# Monthly Electric Bill 400w hps & 600w hps



## Pepper (Feb 26, 2009)

How much will my electric bill be?

400w hps monthly bill = ?
600w hps monthly bill = ?


----------



## kalikisu (Feb 26, 2009)

Well it all depends on what your states kilowatt/hour price is. At 9 cents a kilowatt hour for a 400 hps I believe it is around $1.08/24 hours. Here is a link to a page that has the kilowatt costs.
http://michaelbluejay.com/electricity/cost.html


----------



## houseoftreasure (Feb 26, 2009)

great refeerence. The site even explains how to calculate it yourself. nice find.
_him


----------



## kalikisu (Feb 26, 2009)

Thanks, it is actually cheaper than I thought. I usually run about 500 watts for a month during veg which is around $32. Then I go 12/12 for about three months or whatever the breed needs so 32x3=96.. So for me it is around $100 for a full grow(2-3 plants). NICE!


----------



## Pepper (Feb 27, 2009)

Thanks very useful info I got the answer I was looking for


----------



## Motor City Madman (Feb 27, 2009)

I'm running a 400w hps (digital ballast) on a 12/12 and 400w cfls 24hr and 6 computer style fans 3 110v and 3 24vdc and my bill went up 20 kwh a month so my wife says.
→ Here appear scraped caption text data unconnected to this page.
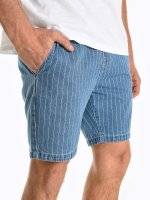 Striped denim shorts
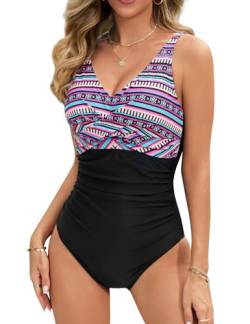 UMIPUBO Badeanzug Damen Bauchweg Push Up Bademode Sexy V Ausschnitt Monokini Große Größe One Piece Swimsuits mit Bügel Swimwear(Mehrfarbig,L) von UMIPUBO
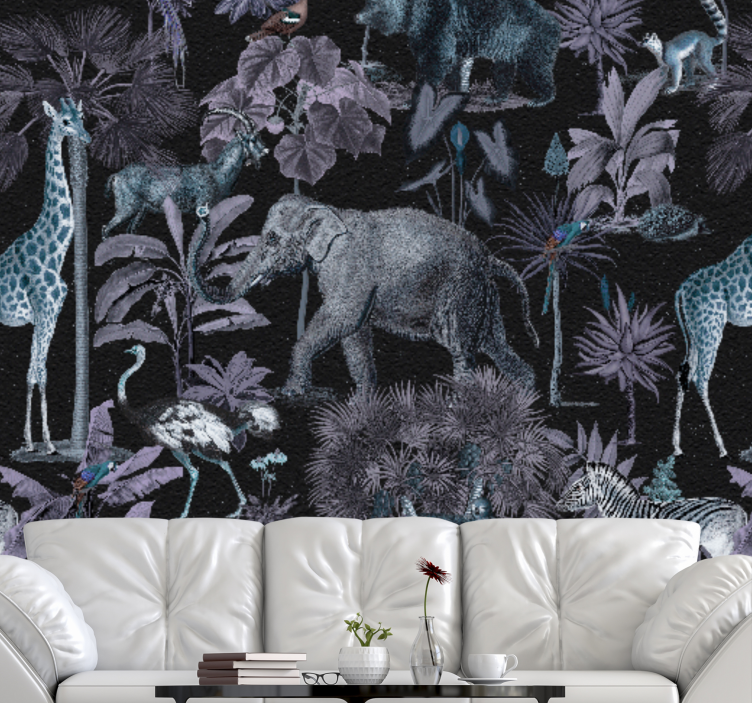 Animal wall mural wildlife safari scene - TenStickers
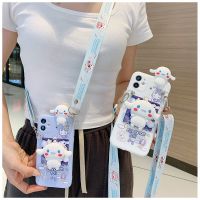 น่ารัก Cinnamoroll สุนัขเชือกสาวกระจกโทรศัพท์กรณีสำหรับ Xiaomi Mi 12 11 8 Lite 11T A3 A2 Lite POCO X4 Pro M4 M3 F3 F2 Pro Redmi 10C 9C 9A 7 8หมายเหตุ11 10 9เคสนิ่ม8 Pro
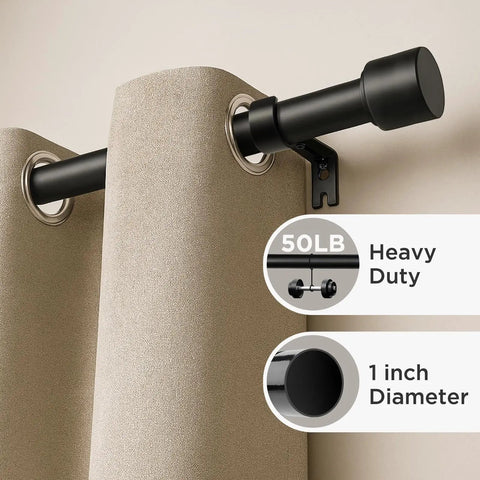 Heavy Duty Adjustable Curtain Rods For Windows 32 To 120 Inches Black 1 Inch Diameter Built To Last Sturdy Rods For Bedroom Kitchen And Sliding Glass Doors Easy Install Brackets Included close-up on curtain with rod and bracket details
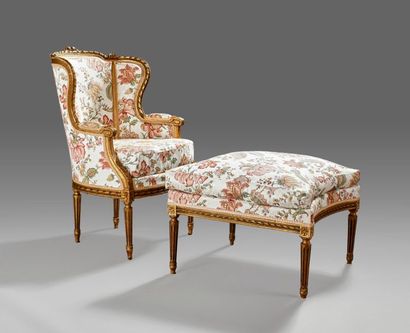 Duchesse brisée à oreilles en bois doré et...
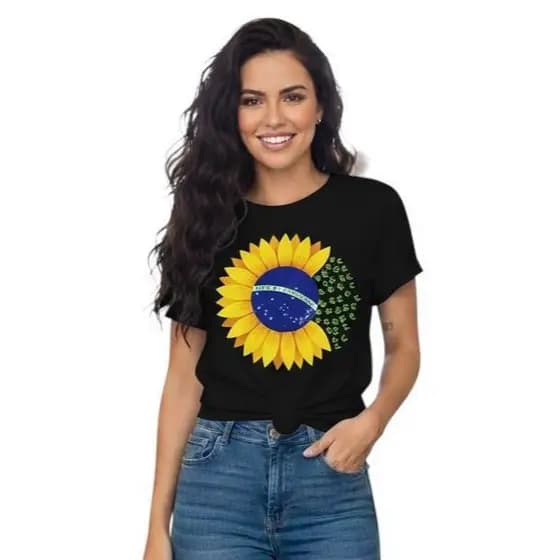 Camiseta t-shirt Brasil Copa do mundo Hexa, Patriota, Girassol 100% Algodão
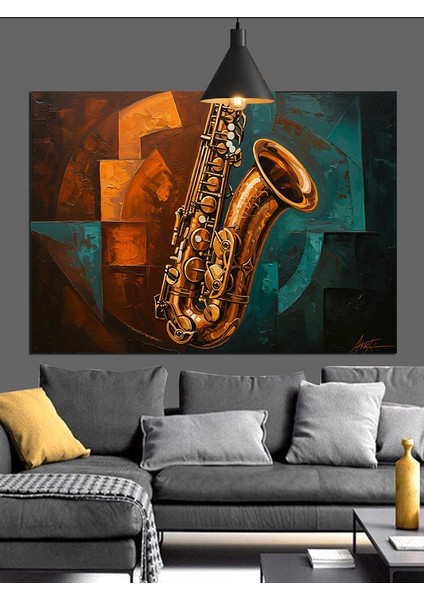 Altın Saksafon Enstrüman Müzik Dekoratif Kanvas - Mdf Ahşap Tablo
I don't know, doesn't seem like very much to me but I don't pay the bill she does.


----------



## thedonofchronic (Feb 28, 2009)

im canadian lol...
doesnt say it on there.
someone tell me please around exactly how much to run 24/7 and 12/12 of a 400. only if you can
thanks


----------



## The Hemp Goddess (Feb 28, 2009)

thedonofchronic said:
			
		

> im canadian lol...
> doesnt say it on there.
> someone tell me please around exactly how much to run 24/7 and 12/12 of a 400. only if you can
> thanks



How much do you pay per kw--we need this to figure how much it will cost.


----------